[Records supplied]:
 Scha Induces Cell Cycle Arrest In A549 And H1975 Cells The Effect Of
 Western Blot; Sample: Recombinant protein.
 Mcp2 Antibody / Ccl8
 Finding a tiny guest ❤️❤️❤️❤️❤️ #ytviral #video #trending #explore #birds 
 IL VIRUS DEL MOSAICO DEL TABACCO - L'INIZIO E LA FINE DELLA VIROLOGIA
...
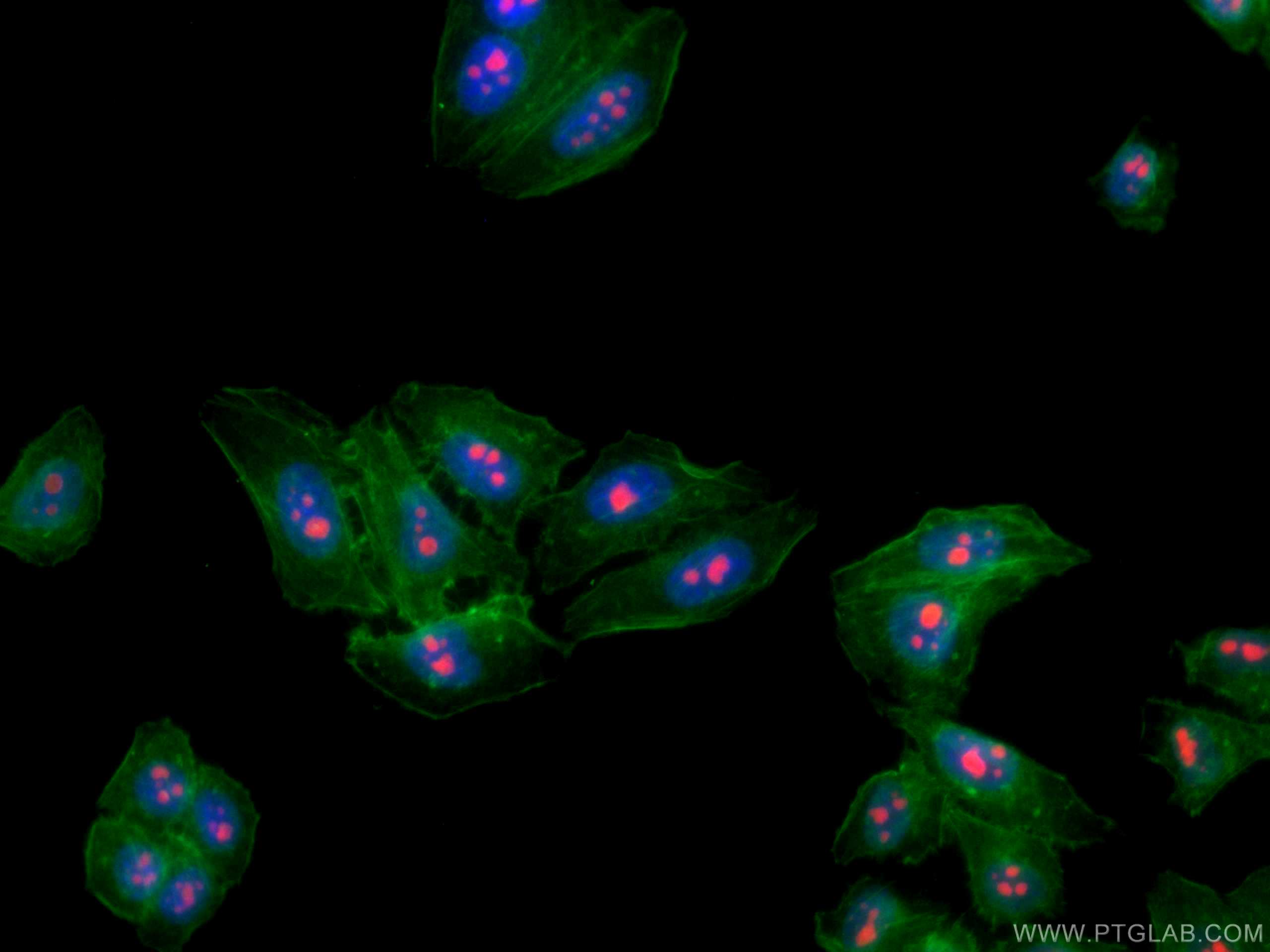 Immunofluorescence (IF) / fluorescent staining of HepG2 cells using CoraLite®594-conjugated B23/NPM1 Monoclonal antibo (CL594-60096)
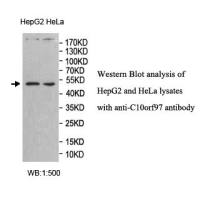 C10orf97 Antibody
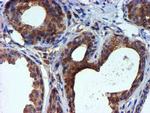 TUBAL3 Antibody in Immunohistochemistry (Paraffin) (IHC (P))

[About this task]: Your task is to retype the entries verbatim, starting with the line that holds "Scha Induces Cell" and stopping after the line that holds "IL VIRUS DEL".

[Response to the task]:
 Scha Induces Cell Cycle Arrest In A549 And H1975 Cells The Effect Of
 Western Blot; Sample: Recombinant protein.
 Mcp2 Antibody / Ccl8
 Finding a tiny guest ❤️❤️❤️❤️❤️ #ytviral #video #trending #explore #birds 
 IL VIRUS DEL MOSAICO DEL TABACCO - L'INIZIO E LA FINE DELLA VIROLOGIA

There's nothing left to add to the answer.